Wenn ich dann mit ihnen darüber diskutiere, was die Ursache sein könnte und wie das Problem angegangen werden müsste, greifen viele auf die „alten“ Erziehungsgrundsätze zurück. Sie sprechen von Konsequenzen, Strafe, Sanktionen und Disziplinierung. Wohl gemerkt, die Berufsbildner, von denen ich da schreibe, sind zwischen zwanzig und dreissig Jahre alt. In den Kursen werde ich immer wieder mit der Frage konfrontiert, wie man denn im Betrieb die Jugendlichen bestrafen dürfe, wie weit man da gehen dürfe.

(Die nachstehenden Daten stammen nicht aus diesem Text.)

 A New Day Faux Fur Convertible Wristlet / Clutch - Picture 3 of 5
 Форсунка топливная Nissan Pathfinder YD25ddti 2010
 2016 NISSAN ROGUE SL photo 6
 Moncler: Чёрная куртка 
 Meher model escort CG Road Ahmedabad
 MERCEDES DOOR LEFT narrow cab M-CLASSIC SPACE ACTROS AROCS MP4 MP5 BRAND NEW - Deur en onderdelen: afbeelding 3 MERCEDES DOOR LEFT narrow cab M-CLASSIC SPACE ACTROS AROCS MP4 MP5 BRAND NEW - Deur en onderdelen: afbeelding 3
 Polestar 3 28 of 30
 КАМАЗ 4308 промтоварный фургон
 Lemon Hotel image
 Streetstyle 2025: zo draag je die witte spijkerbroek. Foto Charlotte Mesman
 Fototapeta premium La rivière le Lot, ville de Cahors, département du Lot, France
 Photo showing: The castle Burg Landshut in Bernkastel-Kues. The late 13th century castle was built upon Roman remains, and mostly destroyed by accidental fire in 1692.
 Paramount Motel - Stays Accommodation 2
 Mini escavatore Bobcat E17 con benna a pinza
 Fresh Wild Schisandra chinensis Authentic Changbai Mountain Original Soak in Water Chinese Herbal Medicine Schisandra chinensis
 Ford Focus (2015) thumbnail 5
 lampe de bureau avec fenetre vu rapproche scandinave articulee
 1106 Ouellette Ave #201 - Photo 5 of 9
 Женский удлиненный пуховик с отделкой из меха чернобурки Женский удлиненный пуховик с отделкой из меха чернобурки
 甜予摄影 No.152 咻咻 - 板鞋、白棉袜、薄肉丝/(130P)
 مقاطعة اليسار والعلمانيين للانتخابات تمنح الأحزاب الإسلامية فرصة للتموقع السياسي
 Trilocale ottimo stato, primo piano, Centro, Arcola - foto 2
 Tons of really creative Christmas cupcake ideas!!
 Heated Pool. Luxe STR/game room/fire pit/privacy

Schulbildung nach Behaviorismus

Ich bin zwar stets entsetzt, wenn diese Frage wieder gestellt wird. Doch ich verstehe die Berufsbildner sehr gut. Diese übernehmen Jugendliche aus den Schulen, in denen der Behaviorismus* täglich gelebt wird und die Schüler auf Lob und Strafe konditioniert werden. Nun kommen sie aus einer solche Disziplinierungsanstalt und treffen auf Berufsbildnerinnen, welche gerne kooperativ führen würden. Da prallen Welten aufeinander.

Kooperation

Natürlich gibt es viele Lernende, die sehr positiv auf dieses Kooperationsangebot reagieren. Doch je nach Schulbiografie sind die Jugendlichen damit überfordert. Die Berufsbildner müssten also zuerst Bindungsarbeit machen, damit die Lernenden Vertrauen fassen und gerne von sich aus kooperieren. Leider fehlt in den Ausbildungen oft die Zeit, um diese Arbeit zu machen. Die Leistungsansprüche an Betrieb, Berufsbildner und Lernende sind sehr hoch. Dazu kommt, dass Berufsbildner in Bindungsarbeit nicht geschult sind und es ist eigentlich auch nicht ihre Arbeit. Dieser Prozess muss im Elternhaus beginnen und in der Schule weitergeführt werden. Das jedoch geschieht nicht so oft. Also haben wir es auch mit Berufsbildnern zu tun, welche selber Bindungsdefizite haben. Dadurch können sie diese bei ihren Lernenden auch nicht beheben. Deshalb dieser regelmässige Ruf nach Disziplinierungsmassnahmen und Strafen, um die Lernenden auf ihre Ziele hin zu bewegen. Etwas, was alle in der Schule gelernt haben.

Behaviorismus

Lernen wird in behavioristischen Modellen als Verstärkung und Abschwächung von Verhaltensweisen aufgefasst. Hat ein bestimmtes Verhalten ein angenehmes Ereignis zur Folge, z.B. ein Lob, eine Belohnung oder einen Lernerfolg, so wird dieses Verhalten verstärkt. Dieser Vorgang heißt positive Verstärkung. Im Gegenzug dazu spricht man von negativer Verstärkung, wenn durch ein bestimmtes Verhalten ein unangenehmer Zustand in einen angenehmen Zustand umgewandelt wird und das entsprechende Verhalten dadurch ebenfalls verstärkt wird.